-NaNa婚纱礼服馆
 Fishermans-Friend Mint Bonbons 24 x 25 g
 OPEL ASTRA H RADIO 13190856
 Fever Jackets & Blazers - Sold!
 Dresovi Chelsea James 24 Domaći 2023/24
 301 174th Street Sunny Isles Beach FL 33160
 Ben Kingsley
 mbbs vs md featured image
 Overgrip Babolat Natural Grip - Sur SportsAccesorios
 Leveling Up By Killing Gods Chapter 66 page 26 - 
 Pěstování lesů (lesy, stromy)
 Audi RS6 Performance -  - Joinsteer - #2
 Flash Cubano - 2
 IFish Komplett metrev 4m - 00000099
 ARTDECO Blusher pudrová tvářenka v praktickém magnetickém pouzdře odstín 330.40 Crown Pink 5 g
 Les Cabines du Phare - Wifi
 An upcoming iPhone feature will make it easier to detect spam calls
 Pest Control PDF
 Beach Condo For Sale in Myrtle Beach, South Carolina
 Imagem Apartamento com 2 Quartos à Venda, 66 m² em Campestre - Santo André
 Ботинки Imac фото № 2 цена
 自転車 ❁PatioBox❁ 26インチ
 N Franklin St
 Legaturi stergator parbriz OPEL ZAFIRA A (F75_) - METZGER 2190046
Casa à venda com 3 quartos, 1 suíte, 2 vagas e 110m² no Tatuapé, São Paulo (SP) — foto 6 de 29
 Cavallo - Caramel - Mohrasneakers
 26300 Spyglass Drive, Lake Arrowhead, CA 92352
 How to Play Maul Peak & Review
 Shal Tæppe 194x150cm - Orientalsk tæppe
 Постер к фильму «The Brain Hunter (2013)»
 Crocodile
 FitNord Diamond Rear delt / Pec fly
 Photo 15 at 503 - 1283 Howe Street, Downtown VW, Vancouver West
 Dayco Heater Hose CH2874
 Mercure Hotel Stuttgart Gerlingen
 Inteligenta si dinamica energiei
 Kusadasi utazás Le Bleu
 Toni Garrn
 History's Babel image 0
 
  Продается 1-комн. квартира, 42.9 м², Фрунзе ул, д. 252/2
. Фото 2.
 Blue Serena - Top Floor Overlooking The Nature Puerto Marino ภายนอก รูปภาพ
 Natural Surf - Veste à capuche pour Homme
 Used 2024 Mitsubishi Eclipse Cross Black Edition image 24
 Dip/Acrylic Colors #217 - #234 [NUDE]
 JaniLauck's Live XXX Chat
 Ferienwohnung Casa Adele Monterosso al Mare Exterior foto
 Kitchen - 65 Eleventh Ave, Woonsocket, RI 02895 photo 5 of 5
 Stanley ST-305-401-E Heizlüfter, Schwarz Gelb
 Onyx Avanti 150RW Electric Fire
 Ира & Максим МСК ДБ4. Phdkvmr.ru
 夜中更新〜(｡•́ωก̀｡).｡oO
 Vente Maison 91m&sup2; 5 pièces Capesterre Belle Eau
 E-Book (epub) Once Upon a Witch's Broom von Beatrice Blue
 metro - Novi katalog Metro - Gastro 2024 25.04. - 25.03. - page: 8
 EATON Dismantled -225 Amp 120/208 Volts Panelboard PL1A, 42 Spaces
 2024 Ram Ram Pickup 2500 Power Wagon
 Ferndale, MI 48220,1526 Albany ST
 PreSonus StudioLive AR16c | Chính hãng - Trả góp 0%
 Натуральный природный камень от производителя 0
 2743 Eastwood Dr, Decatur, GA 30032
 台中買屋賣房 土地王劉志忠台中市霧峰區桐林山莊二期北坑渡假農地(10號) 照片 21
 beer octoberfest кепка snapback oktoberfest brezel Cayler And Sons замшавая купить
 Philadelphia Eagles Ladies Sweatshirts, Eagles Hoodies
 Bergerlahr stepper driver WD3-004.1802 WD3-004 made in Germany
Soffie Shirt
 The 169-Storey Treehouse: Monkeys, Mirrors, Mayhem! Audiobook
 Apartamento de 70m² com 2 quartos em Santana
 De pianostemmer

----------

__What is required__:
Return exactly the lines that run from the top of the listing above to the line containing "Постер к фильму", please, keeping both end lines and leaving out everything else.

__Result for this task__:
-NaNa婚纱礼服馆
 Fishermans-Friend Mint Bonbons 24 x 25 g
 OPEL ASTRA H RADIO 13190856
 Fever Jackets & Blazers - Sold!
 Dresovi Chelsea James 24 Domaći 2023/24
 301 174th Street Sunny Isles Beach FL 33160
 Ben Kingsley
 mbbs vs md featured image
 Overgrip Babolat Natural Grip - Sur SportsAccesorios
 Leveling Up By Killing Gods Chapter 66 page 26 - 
 Pěstování lesů (lesy, stromy)
 Audi RS6 Performance -  - Joinsteer - #2
 Flash Cubano - 2
 IFish Komplett metrev 4m - 00000099
 ARTDECO Blusher pudrová tvářenka v praktickém magnetickém pouzdře odstín 330.40 Crown Pink 5 g
 Les Cabines du Phare - Wifi
 An upcoming iPhone feature will make it easier to detect spam calls
 Pest Control PDF
 Beach Condo For Sale in Myrtle Beach, South Carolina
 Imagem Apartamento com 2 Quartos à Venda, 66 m² em Campestre - Santo André
 Ботинки Imac фото № 2 цена
 自転車 ❁PatioBox❁ 26インチ
 N Franklin St
 Legaturi stergator parbriz OPEL ZAFIRA A (F75_) - METZGER 2190046
Casa à venda com 3 quartos, 1 suíte, 2 vagas e 110m² no Tatuapé, São Paulo (SP) — foto 6 de 29
 Cavallo - Caramel - Mohrasneakers
 26300 Spyglass Drive, Lake Arrowhead, CA 92352
 How to Play Maul Peak & Review
 Shal Tæppe 194x150cm - Orientalsk tæppe
 Постер к фильму «The Brain Hunter (2013)»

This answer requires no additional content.